Синчин покосился на него, щелкнул наконец зажигалкой, направил длинную струю дыма за приспущенное боковое стекло и только потом ответил:
– Нет, конечно. Видите ли, полиция в своей работе руководствуется усеченным принципом Оккама. Слыхали о таком?
– Да нет же, – с легкой досадой сказал Келли. – У меня другая специализация.
– Наш великий философ советовал не умножать количество сущностей без необходимости, – пояснил Синчин. – То есть, если у вас в толпе, в давке, пропал из кармана бумажник, не стоит выдвигать версию о том, что его стащили невидимки-марсиане. Другое дело, если бумажник пропал с вашего стола, когда вы находились в комнате в одиночестве, при запертых дверях и закрытых окнах. Тогда, возможно, это именно воздействие марсиан. И добавить новую сущность, а именно: марсиан – стоит. То есть предположить, что бумажник утянули марсиане. Но полиция применяет усеченный принцип, или бритву Оккама: не умножает количество сущностей – и точка. Она вообще не будет выдвигать версию о марсианах и объяснит исчезновение бумажника тем, что его у вас просто не было.
– Вряд ли бумажник ни с того ни с сего исчезнет со стола, – заявил слегка сбитый с толку всеми этими «бритвами» Келли.
– Не скажите, – возразил Синчин.
– Значит, другое измерение… – пробормотал Келли. – Она перенеслась сюда откуда-нибудь из Австралии. – Он взглянул на Синчина. – Так?
– Или из Южно-Африканского Союза, – ответил тот.
– Все это чертовски интересно… Сразу видно журналиста, охотника за сенсациями. Только, по-моему, никакого отношения к другим измерениям эта история не имеет.
– Как знать…
– И правильно, что полиция марсиан сразу отсекает, иначе все можно было бы на них списывать.

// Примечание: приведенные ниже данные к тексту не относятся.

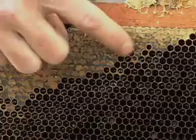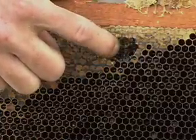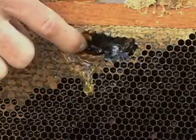So in fact, when you scratch off the cappings, you'll see that we can expose the ripe honey.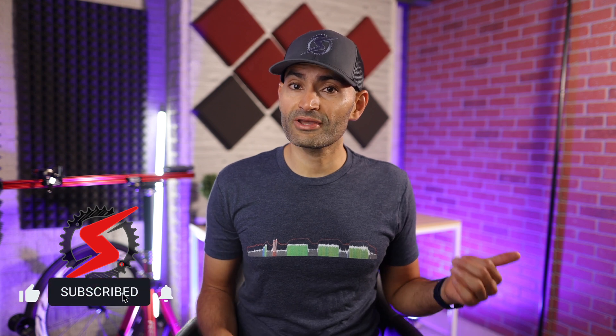Hopefully you found this tip helpful. If you did, please hit that like button and let me know what you think if you use it. Take a quick second to subscribe if you haven't already. Thank you for watching and see you in the next video.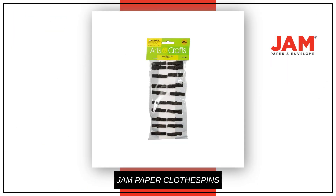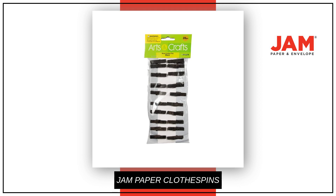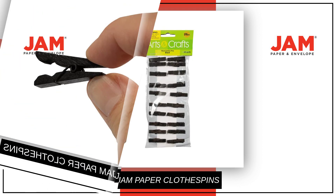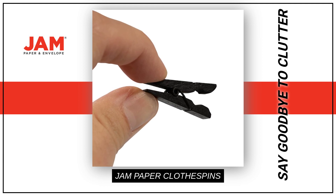Whether you need to keep your papers together or unleash your creativity with DIY crafts projects, these colorful clothespins have got you covered. Say goodbye to clutter and hello to efficiency with Jam Paper Wood Clip Clothespins.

– Как знать, – повторил Синчин. – Впрочем, никаких предположений я в своем материале излагать не собираюсь. Чисто информационная заметка. Дэн Келли из Уолсолла обнаружил в знаменитом Стоунхендже неизвестную женщину без сознания и доставил в больницу. Точка. Может, вы и правы, Дэн, и завтра действительно все выяснится. Если у нее с памятью все в порядке.
– Я телефон больницы записал, дайте мне еще и свой, – попросил Келли. – Интересно же…

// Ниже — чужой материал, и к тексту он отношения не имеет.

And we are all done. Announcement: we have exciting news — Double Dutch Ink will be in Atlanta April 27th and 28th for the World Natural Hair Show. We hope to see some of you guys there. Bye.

– Конечно, Дэн. – Синчин достал из бокового кармашка сумки визитную карточку. – Звоните. Лучше вечером, после девяти, на домашний. Днем я то здесь, то там, тем более лето – чего на месте-то париться?
– А вот моя, на всякий случай. – Келли вручил журналисту свою визитку. – Может, вы любитель дамского белья. В смысле, ценитель, – тут же поправился он.
– О, еще какой ценитель! – воодушевленно произнес Марк Синчин. – Особенно ценю, когда оно на даме полностью отсутствует. Еще сигарету, Дэн?
4
Дэн Келли позвонил в больницу на следующий день после того как вернулся домой, в Уолсолл. Потом звонил в среду. Потом – в четверг. В пятницу ему сообщили, что пострадавшая наконец пришла в сознание, но навещать ее пока нельзя.
В субботу Келли вместе с женой ездил в Бирмингем, на свадьбу племянницы, и отдал должное доброму скотчу. Поэтому в воскресенье маялся головной болью, хотя и испробовал с утра старое, еще имперских времен, средство от похмелья – «собачью шерсть», то бишь стакан холодного эля. Жене он о происшествии в Стоунхендже ничего не говорил – мало ли что она могла себе вообразить…
14 июля, в понедельник, его опять вежливо, но твердо отшили, и Келли вечером позвонил Марку Синчину, в надежде, что пронырливый журналист оказался более удачливым. Ни в девять, ни в десять трубку в доме Синчина никто не брал, и только с третьей попытки, уже в половине одиннадцатого, Келли наконец-то услышал голос репортера «Кроникл».
Оказалось, что Синчин действительно, как и подобает репортеру, располагает такой информацией, какой не располагал Келли. Но информацию эту нельзя было назвать ни обнадеживающей, ни утешительной.